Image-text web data
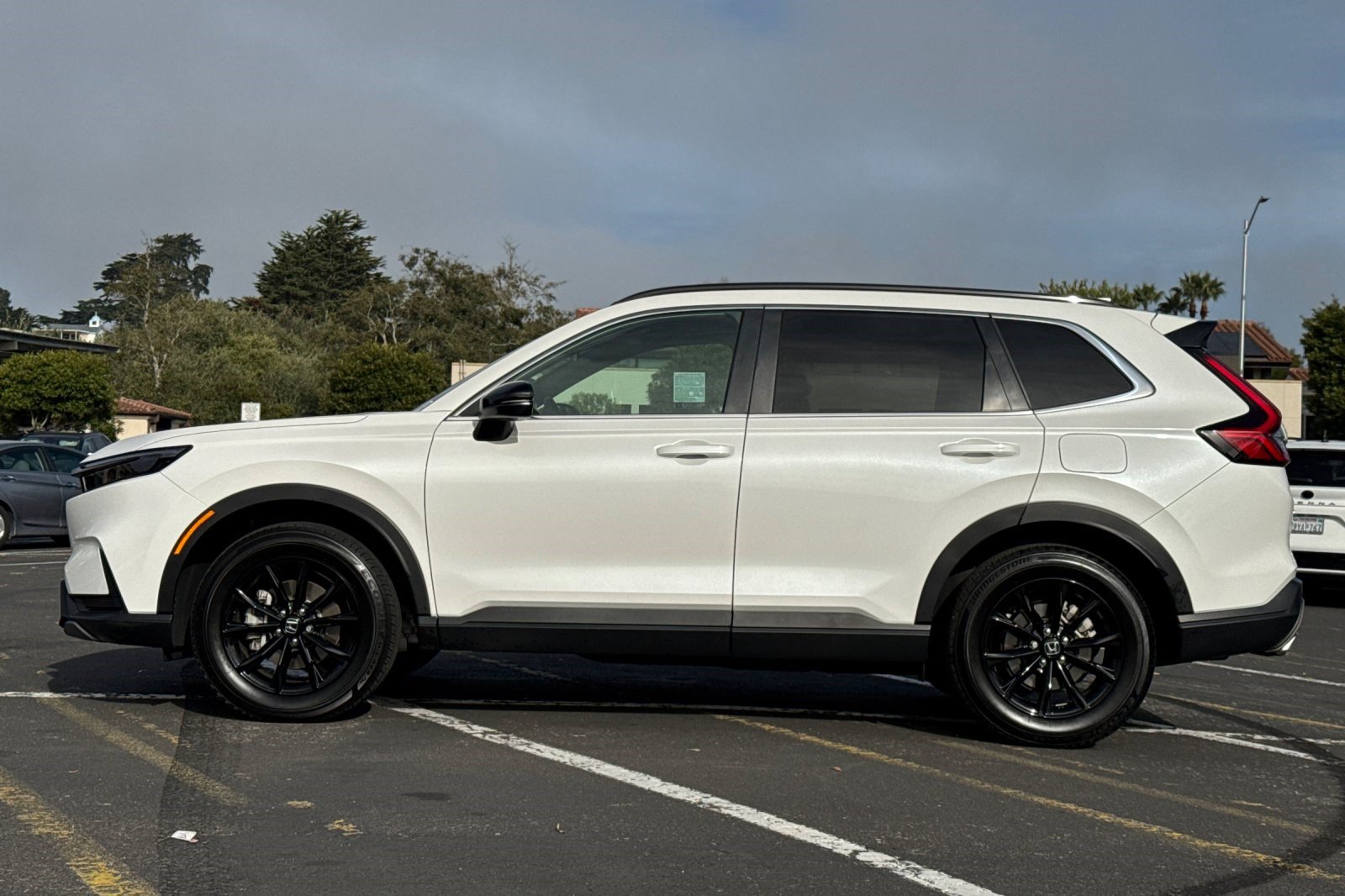 Used 2025 Honda CR-V Sport image 2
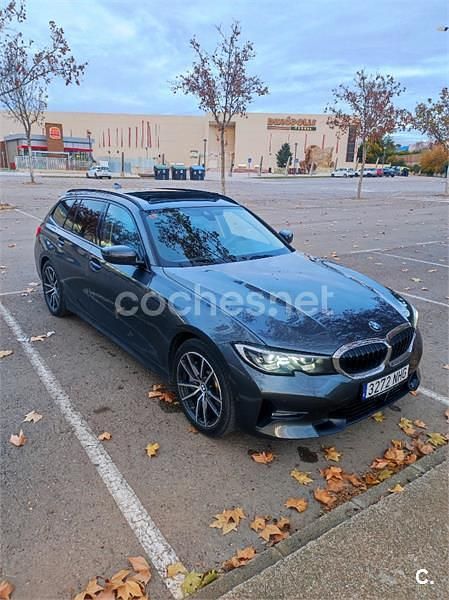 Gris / plata Usado 2021 BMW 330e Sport Line Familiar | 26.500 € (Precio justo) - Imagen 1/4
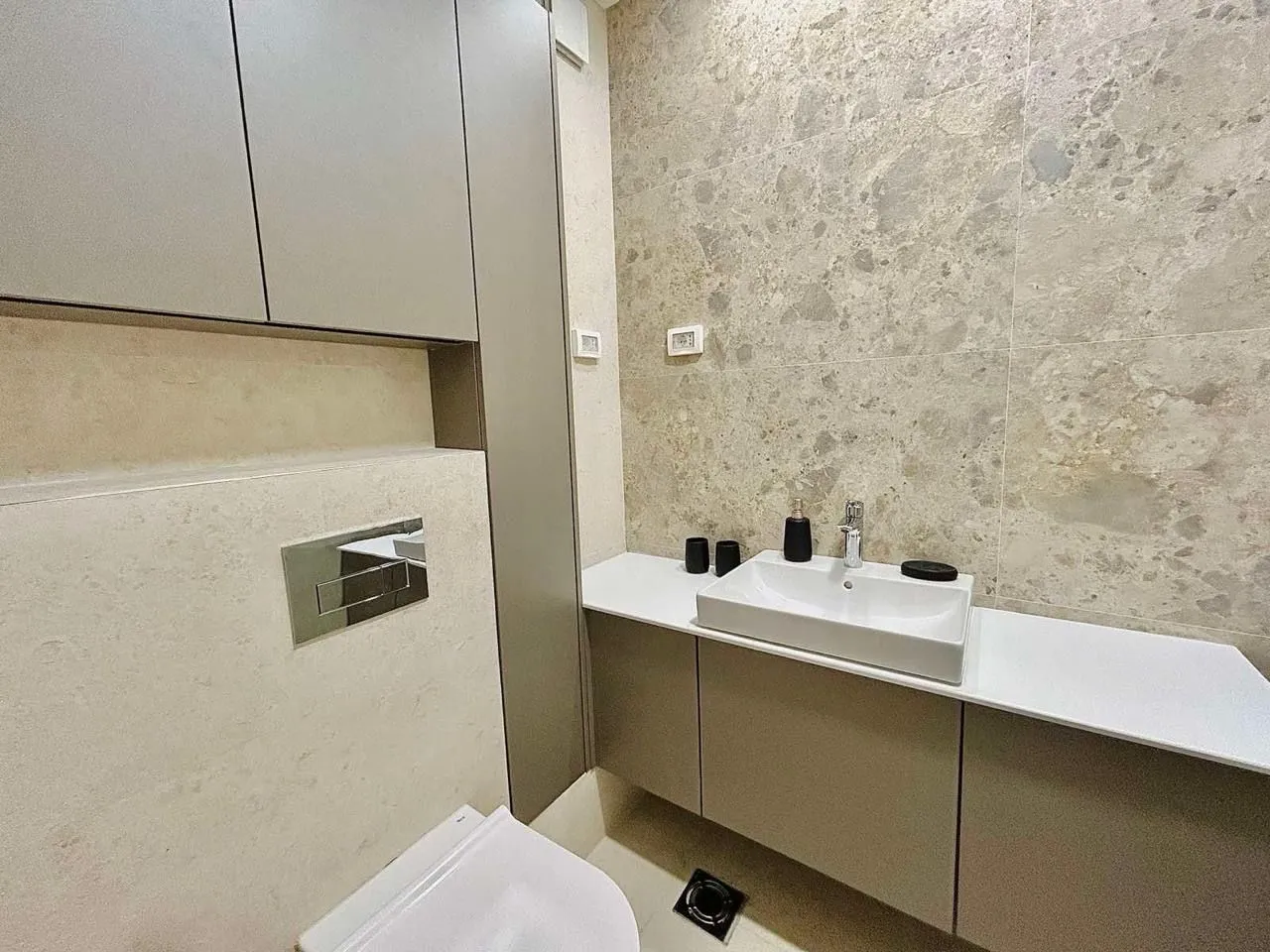 Rent, two bedroom apartment, 108m², Central Point, Podgorica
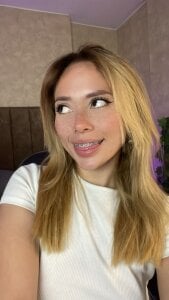 LanaMills_ Blonde Εικόνα 2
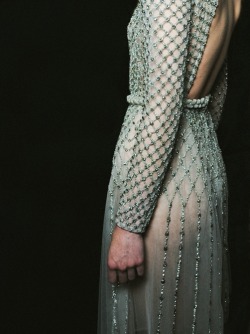 voguelovesme:  texturesandtextiles:  Valentino Haute Couture, Fall/Winter 2011    ♡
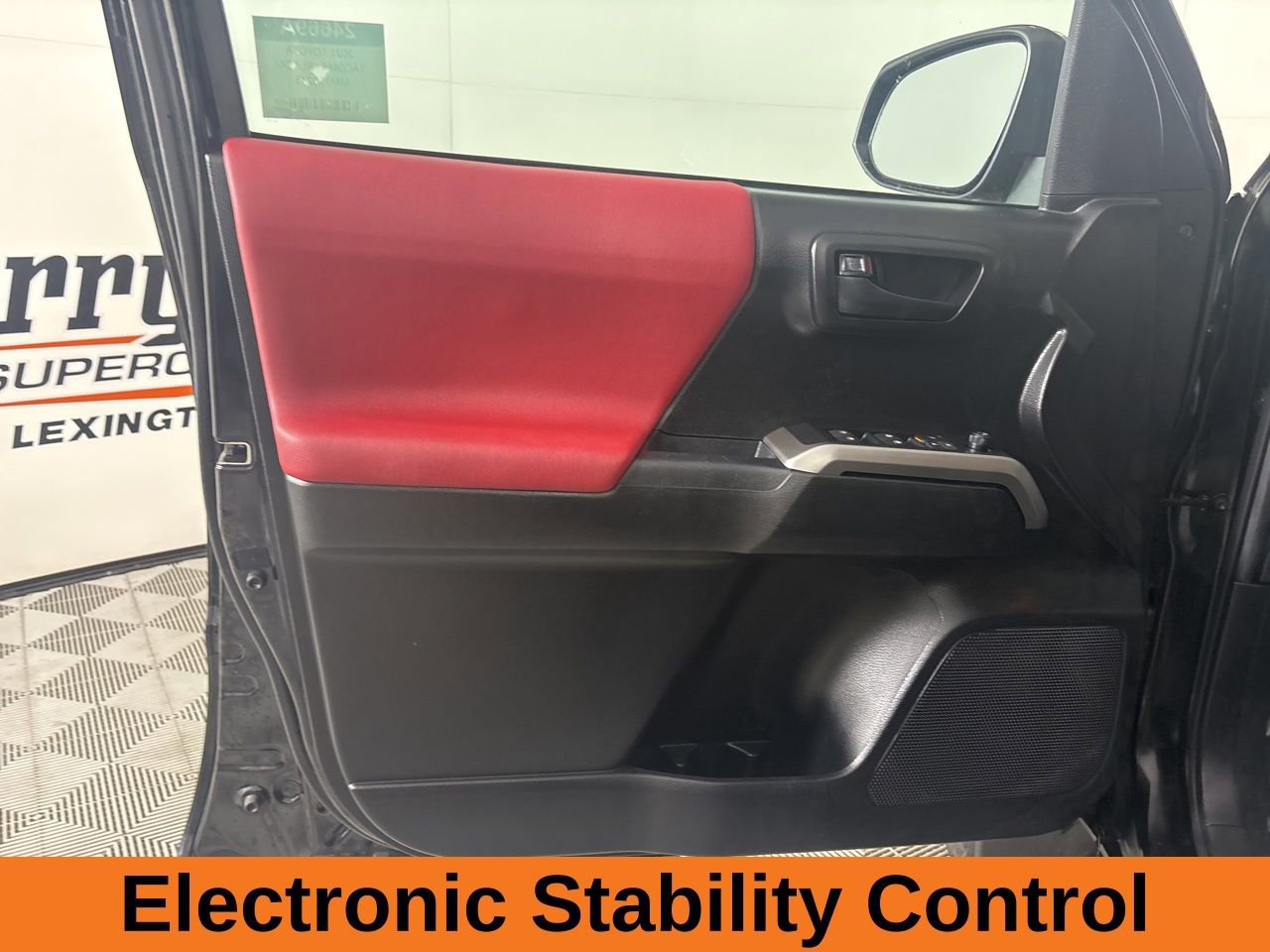 Used 2021 Toyota Tacoma SR5 image 8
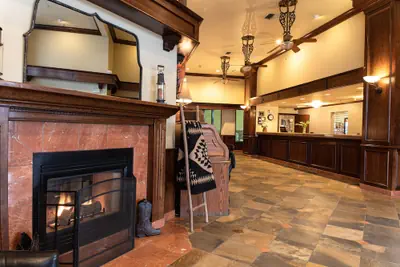Photo 3 - Oxford Suites Pendleton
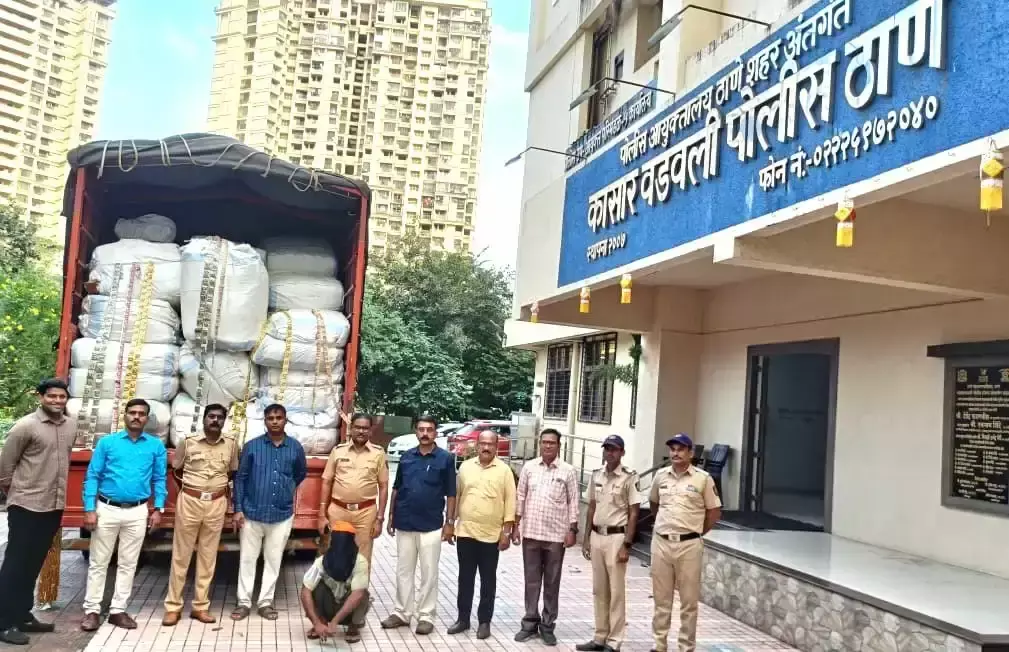 Mumbai: टेंपो में छिपाकर ले जाया जा रहा था गुटखा, पुलिस ने पकड़ा Mumbai: टेंपो में छिपाकर ले जाया जा रहा था गुटखा, पुलिस ने पकड़ा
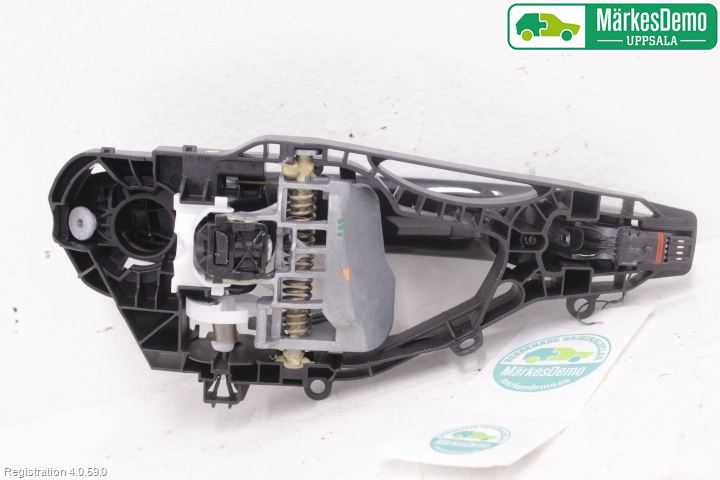BMW 7 G11/G12 15-22 Dörrhandtag Yttre Vä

* **Assignment**
The copy should start at the line that contains "पकड़ा Mumbai: टेंपो", end at the last line of the entries above, and match each line exactly, with pictures dropped.

* **Task output**
 Mumbai: टेंपो में छिपाकर ले जाया जा रहा था गुटखा, पुलिस ने पकड़ा Mumbai: टेंपो में छिपाकर ले जाया जा रहा था गुटखा, पुलिस ने पकड़ा
BMW 7 G11/G12 15-22 Dörrhandtag Yttre Vä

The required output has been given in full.